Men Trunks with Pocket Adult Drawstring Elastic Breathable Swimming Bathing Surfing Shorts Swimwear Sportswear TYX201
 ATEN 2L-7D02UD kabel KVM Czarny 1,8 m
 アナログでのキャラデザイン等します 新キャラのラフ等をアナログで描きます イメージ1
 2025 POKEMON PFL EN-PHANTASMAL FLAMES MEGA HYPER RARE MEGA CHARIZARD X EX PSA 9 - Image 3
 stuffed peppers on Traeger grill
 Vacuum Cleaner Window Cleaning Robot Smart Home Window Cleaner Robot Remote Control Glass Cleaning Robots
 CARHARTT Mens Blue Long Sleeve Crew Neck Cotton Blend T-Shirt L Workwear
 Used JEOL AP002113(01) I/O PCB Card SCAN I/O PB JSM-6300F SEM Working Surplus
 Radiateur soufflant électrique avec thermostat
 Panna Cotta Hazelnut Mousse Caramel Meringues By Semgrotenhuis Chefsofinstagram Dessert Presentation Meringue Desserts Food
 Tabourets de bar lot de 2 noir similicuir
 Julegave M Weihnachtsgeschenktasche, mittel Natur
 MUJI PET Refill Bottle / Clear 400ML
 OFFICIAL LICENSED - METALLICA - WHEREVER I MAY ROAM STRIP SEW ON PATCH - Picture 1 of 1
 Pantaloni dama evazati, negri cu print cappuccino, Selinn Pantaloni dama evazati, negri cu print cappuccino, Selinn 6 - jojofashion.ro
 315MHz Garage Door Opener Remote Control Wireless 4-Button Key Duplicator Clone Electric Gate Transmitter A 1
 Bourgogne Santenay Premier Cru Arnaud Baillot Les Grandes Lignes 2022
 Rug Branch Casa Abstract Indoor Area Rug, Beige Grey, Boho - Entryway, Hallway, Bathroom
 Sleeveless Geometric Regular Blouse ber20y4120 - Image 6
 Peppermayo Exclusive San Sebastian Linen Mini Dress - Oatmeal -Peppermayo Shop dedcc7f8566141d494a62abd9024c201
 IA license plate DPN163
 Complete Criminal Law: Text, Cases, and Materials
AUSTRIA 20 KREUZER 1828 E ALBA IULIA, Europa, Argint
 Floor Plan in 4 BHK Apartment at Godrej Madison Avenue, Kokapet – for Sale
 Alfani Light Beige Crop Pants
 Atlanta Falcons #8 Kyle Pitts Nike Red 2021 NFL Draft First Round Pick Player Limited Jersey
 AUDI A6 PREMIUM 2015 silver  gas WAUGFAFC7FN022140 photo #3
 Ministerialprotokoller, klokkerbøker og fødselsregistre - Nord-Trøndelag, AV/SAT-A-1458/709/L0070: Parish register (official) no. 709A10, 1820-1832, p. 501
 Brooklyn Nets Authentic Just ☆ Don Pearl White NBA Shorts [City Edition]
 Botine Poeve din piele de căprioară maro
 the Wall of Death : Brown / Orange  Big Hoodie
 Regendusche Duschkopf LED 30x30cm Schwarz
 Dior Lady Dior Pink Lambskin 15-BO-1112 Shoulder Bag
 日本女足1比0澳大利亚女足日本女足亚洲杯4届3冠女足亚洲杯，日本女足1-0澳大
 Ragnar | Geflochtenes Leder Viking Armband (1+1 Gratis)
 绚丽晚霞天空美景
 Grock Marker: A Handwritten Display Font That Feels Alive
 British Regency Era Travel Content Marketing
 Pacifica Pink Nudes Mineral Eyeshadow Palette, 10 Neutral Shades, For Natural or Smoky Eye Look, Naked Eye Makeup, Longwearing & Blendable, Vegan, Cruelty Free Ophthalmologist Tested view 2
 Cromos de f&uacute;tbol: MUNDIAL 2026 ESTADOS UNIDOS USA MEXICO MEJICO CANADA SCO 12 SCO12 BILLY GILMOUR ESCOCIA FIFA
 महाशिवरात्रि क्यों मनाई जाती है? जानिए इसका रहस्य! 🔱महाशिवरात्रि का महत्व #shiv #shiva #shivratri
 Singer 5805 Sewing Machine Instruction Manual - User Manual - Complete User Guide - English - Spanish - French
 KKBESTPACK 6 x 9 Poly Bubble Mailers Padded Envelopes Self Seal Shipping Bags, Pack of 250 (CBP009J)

|---|

» TASK ITEM:
When a line in the listing above holds the word "Beige", copy it.

» TASK RESPONSE:
 Rug Branch Casa Abstract Indoor Area Rug, Beige Grey, Boho - Entryway, Hallway, Bathroom
 Alfani Light Beige Crop Pants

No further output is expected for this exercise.